- WHAT NEEDS TO BE DONE -
Restate the data below word for word. Leave the images out.

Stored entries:
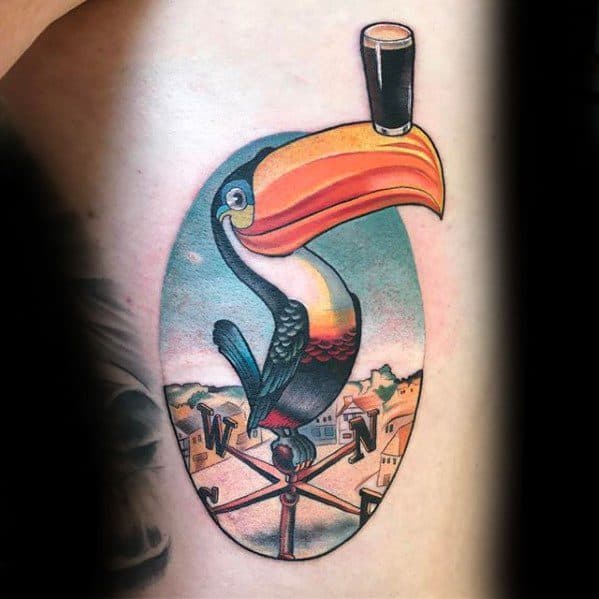 Vintage-style toucan tattoo with a pint of beer on its beak, perched on a weather vane over a colorful cityscape background.
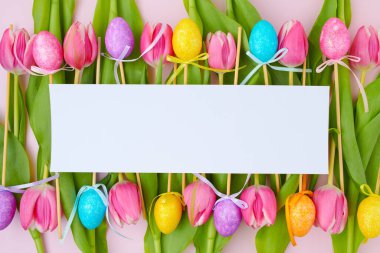 Kağıt çarşaf, lale ve pembe üzerine izole edilmiş paskalya yumurtalarıyla bezenmiş..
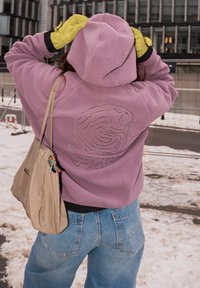 Personne portant une polaire à capuche violette avec un motif tourbillonnant et "WIP" au dos, des gants jaunes, un jean bleu, et portant un sac à bandoulière beige dans une zone urbaine enneigée.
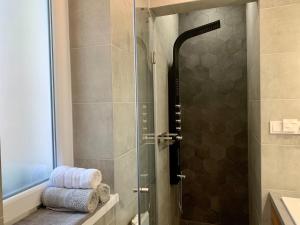 un bagno con doccia con porta in vetro di GOODMOOD Apartment a Debrecen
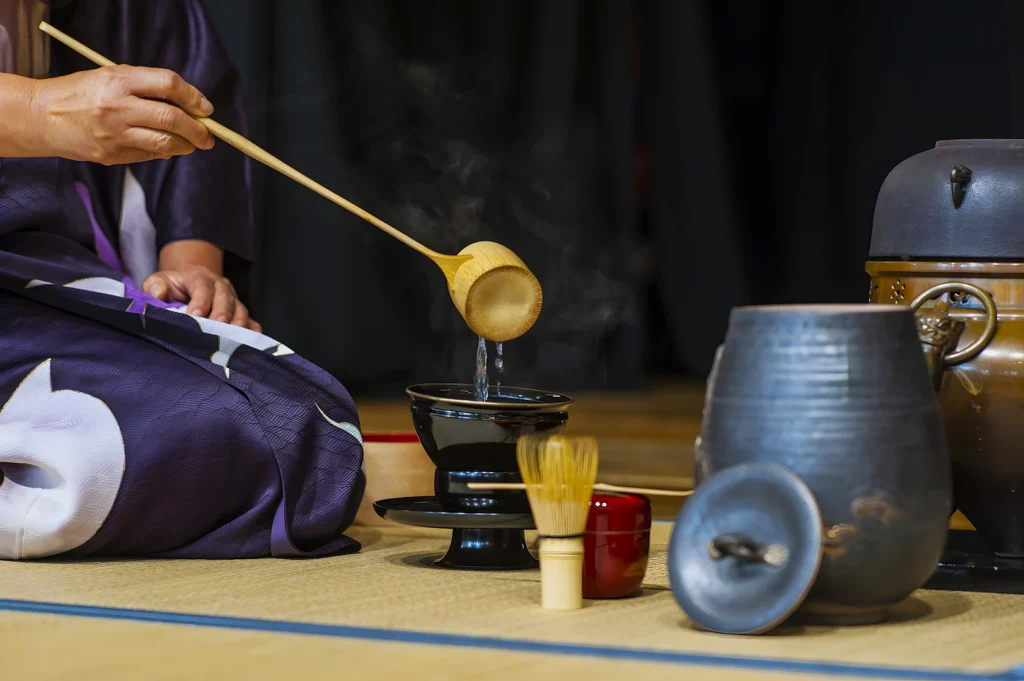 A person in a kimono carefully pours hot water using a bamboo ladle into a black teacup, surrounded by traditional tea ceremony utensils on a tatami mat.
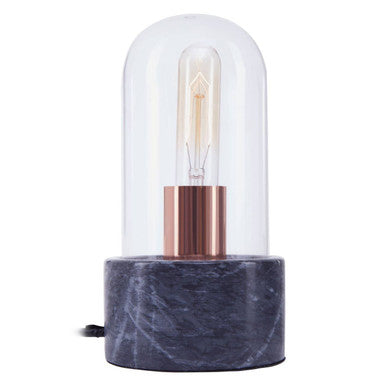 A sleek lamonte bell lamp with a clear glass dome, copper base, and black marble base pedestal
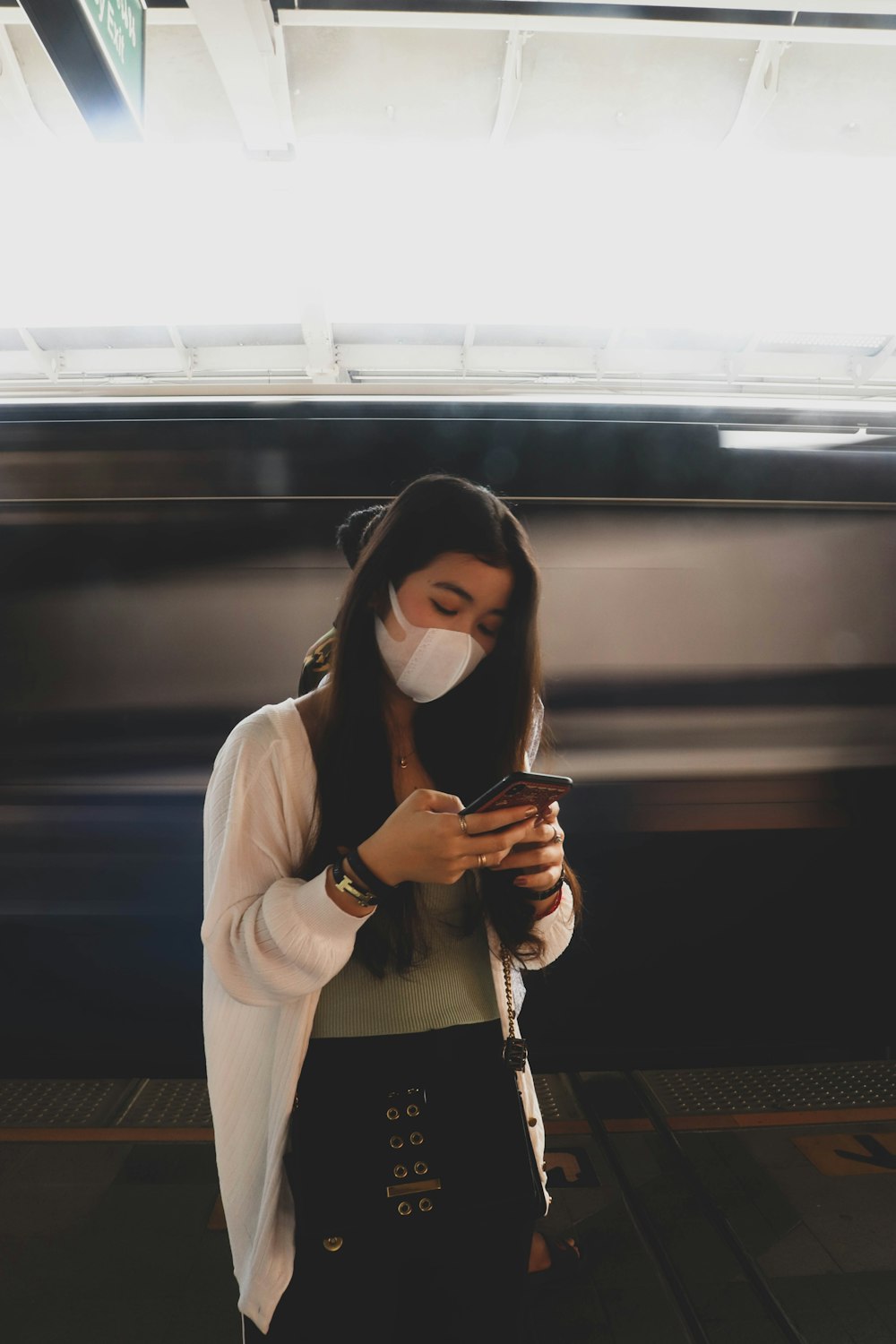 woman in white long sleeve shirt holding black smartphone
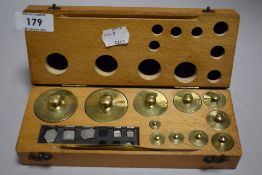 A modern chemists weight set, graduating brass weights housed in a wooden case (incomplete three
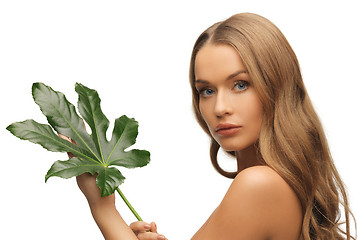 Image showing woman with green leaf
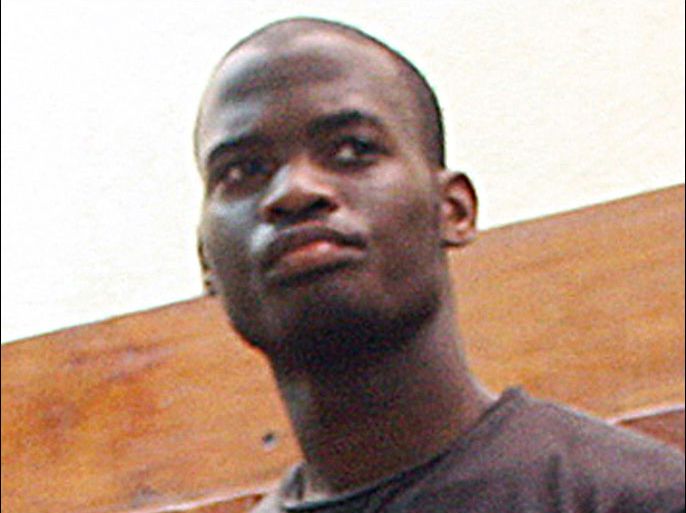 (FILES) This photo taken on November 23, 2010 shows Michael Adebolajo among the nine suspected members of the Al-Shabaab Movement (unpictured) arrested by Kenyan police on November 22 on claims of being Al-Shabaab recruits on their way to Somalia at the weekend. Michael Adebolajo, one of the main suspects in the brutal murder of a soldier in London, was arrested in Kenya more than two years ago for seeking terror training, it emerged on May 26, 2013, after police made more arrests. The reports said Adebolajo, 28, had been accused of trying to lead a group of youths trying to join Somalia's Al-Qaeda-linked Shebab movement. The disclosure raises fresh questions about the monitoring of Adebolajo and the other suspect in the murder, 22-year-old Michael Adebowale, by Britain's intelligence services. AFP PHOTO / MICHAEL RICHARDS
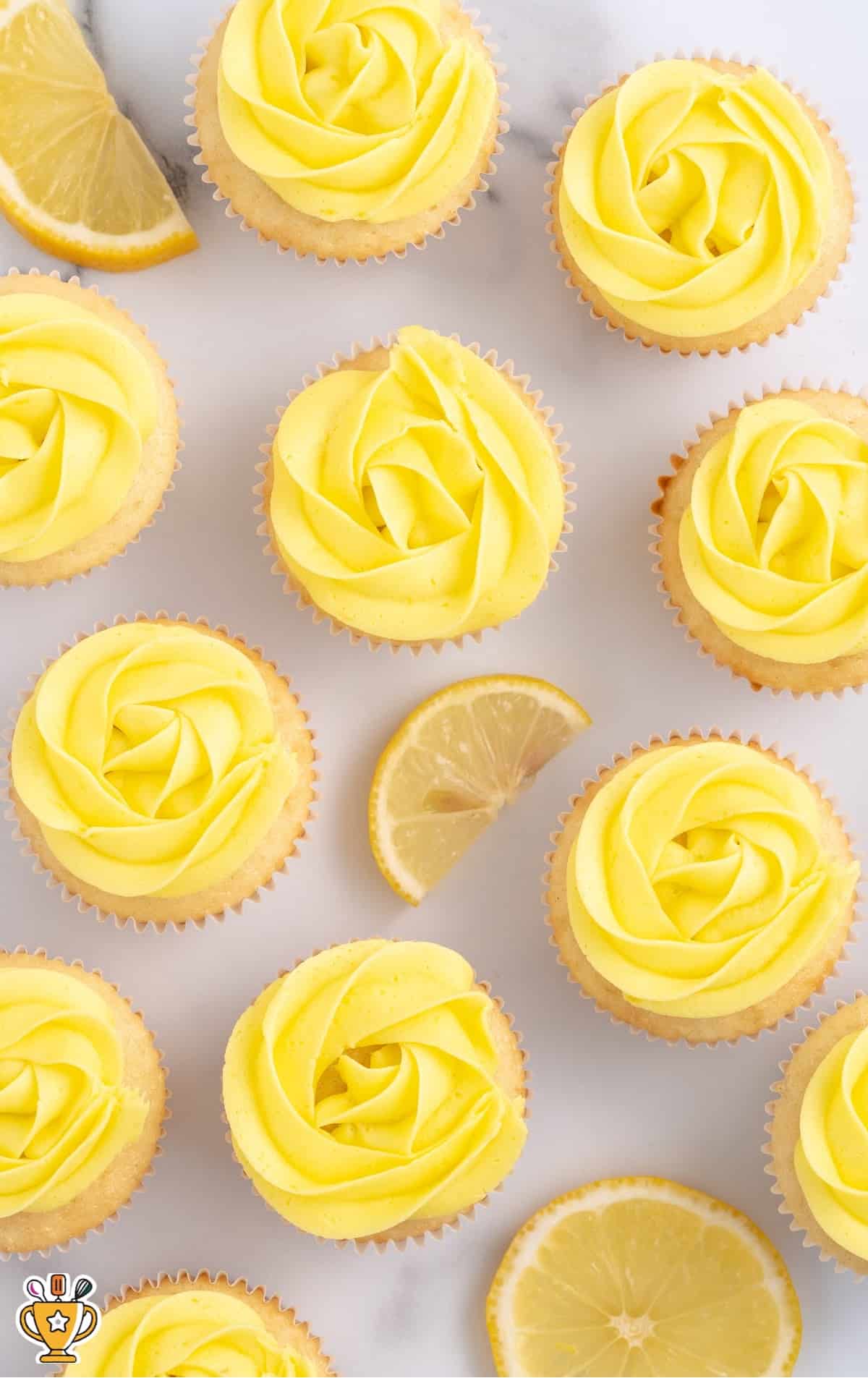 Overhead shot of cupcakes topped with rosettes of lemon buttercream frosting with lemon wedges around them.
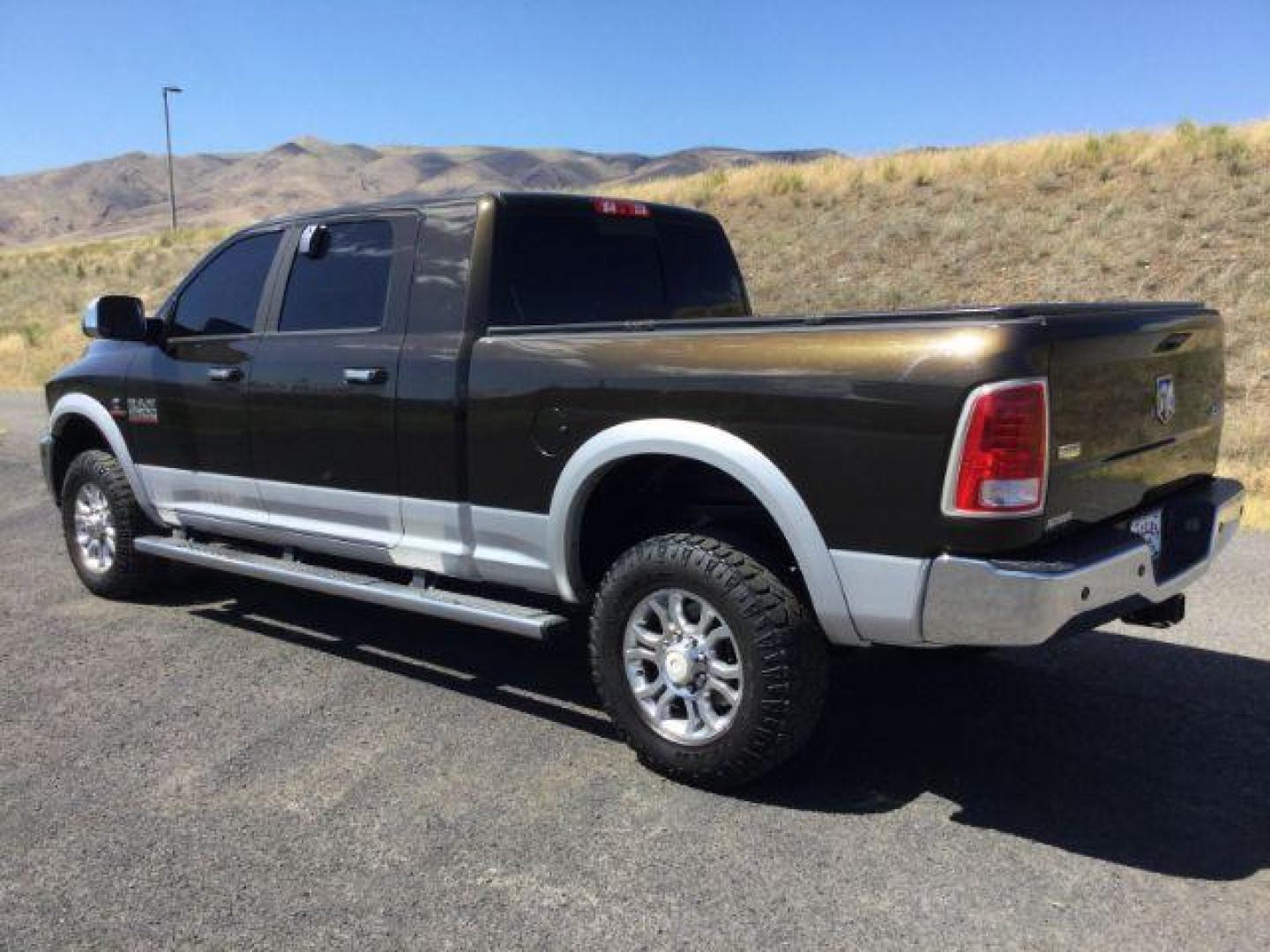 2014 Black Gold Pearlcoat /Black RAM 2500 Laramie Mega Cab 4WD (3C6UR5NL4EG) with an 6.7L L6 OHV 24V TURBO DIESEL engine, 6-Speed Automatic transmission, located at 1801 Main Street, Lewiston, 83501, (208) 743-9371, 46.417065, -117.004799 - Photo#2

- WORKED SOLUTION -
 Vintage-style toucan tattoo with a pint of beer on its beak, perched on a weather vane over a colorful cityscape background.
 Kağıt çarşaf, lale ve pembe üzerine izole edilmiş paskalya yumurtalarıyla bezenmiş..
 Personne portant une polaire à capuche violette avec un motif tourbillonnant et "WIP" au dos, des gants jaunes, un jean bleu, et portant un sac à bandoulière beige dans une zone urbaine enneigée.
 un bagno con doccia con porta in vetro di GOODMOOD Apartment a Debrecen
 A person in a kimono carefully pours hot water using a bamboo ladle into a black teacup, surrounded by traditional tea ceremony utensils on a tatami mat.
 A sleek lamonte bell lamp with a clear glass dome, copper base, and black marble base pedestal
 woman in white long sleeve shirt holding black smartphone
 A modern chemists weight set, graduating brass weights housed in a wooden case (incomplete three
 Image showing woman with green leaf
 (FILES) This photo taken on November 23, 2010 shows Michael Adebolajo among the nine suspected members of the Al-Shabaab Movement (unpictured) arrested by Kenyan police on November 22 on claims of being Al-Shabaab recruits on their way to Somalia at the weekend. Michael Adebolajo, one of the main suspects in the brutal murder of a soldier in London, was arrested in Kenya more than two years ago for seeking terror training, it emerged on May 26, 2013, after police made more arrests. The reports said Adebolajo, 28, had been accused of trying to lead a group of youths trying to join Somalia's Al-Qaeda-linked Shebab movement. The disclosure raises fresh questions about the monitoring of Adebolajo and the other suspect in the murder, 22-year-old Michael Adebowale, by Britain's intelligence services. AFP PHOTO / MICHAEL RICHARDS
 Overhead shot of cupcakes topped with rosettes of lemon buttercream frosting with lemon wedges around them.
 2014 Black Gold Pearlcoat /Black RAM 2500 Laramie Mega Cab 4WD (3C6UR5NL4EG) with an 6.7L L6 OHV 24V TURBO DIESEL engine, 6-Speed Automatic transmission, located at 1801 Main Street, Lewiston, 83501, (208) 743-9371, 46.417065, -117.004799 - Photo#2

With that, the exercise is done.